- Exercise objective
Two lines in the listing below mark the span: one contains "Robe de danse" and one contains "Woody Backyard Rocket". Reproduce both of them and everything between, exactly.

- Task material
━━━━━━━━━━━━━━━━━━━━

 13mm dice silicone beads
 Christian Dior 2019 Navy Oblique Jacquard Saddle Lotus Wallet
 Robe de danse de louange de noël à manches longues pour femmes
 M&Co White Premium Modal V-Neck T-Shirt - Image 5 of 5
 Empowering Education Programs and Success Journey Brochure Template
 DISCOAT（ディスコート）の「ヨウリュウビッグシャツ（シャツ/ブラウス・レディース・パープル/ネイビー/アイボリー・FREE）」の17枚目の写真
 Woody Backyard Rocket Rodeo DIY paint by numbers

━━━━━━━━━━━━━━━━━━━━

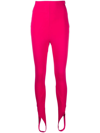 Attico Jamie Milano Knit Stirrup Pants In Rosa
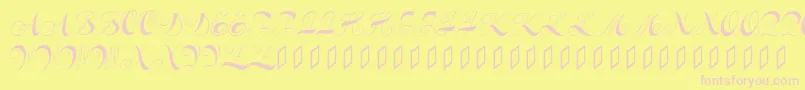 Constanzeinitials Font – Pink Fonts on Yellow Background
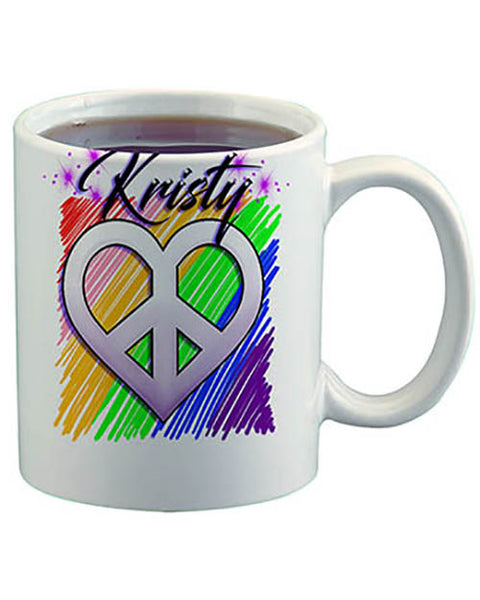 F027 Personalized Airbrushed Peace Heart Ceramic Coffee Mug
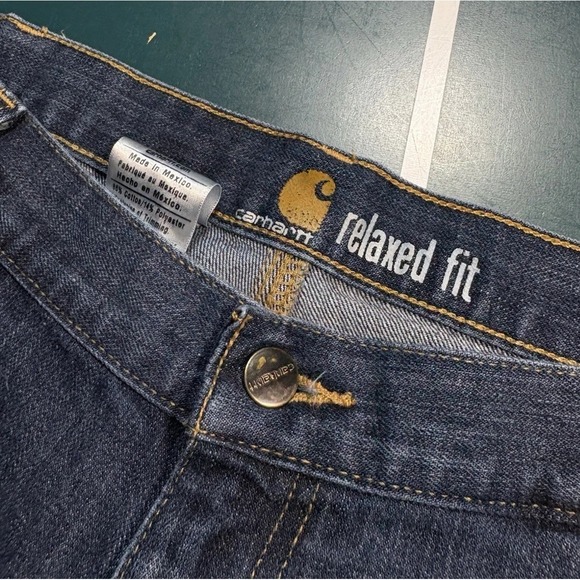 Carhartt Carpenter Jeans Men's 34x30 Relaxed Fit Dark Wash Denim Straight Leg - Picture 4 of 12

━━━━━━━━━━━━━━━━━━━━

- Output
 Robe de danse de louange de noël à manches longues pour femmes
 M&Co White Premium Modal V-Neck T-Shirt - Image 5 of 5
 Empowering Education Programs and Success Journey Brochure Template
 DISCOAT（ディスコート）の「ヨウリュウビッグシャツ（シャツ/ブラウス・レディース・パープル/ネイビー/アイボリー・FREE）」の17枚目の写真
 Woody Backyard Rocket Rodeo DIY paint by numbers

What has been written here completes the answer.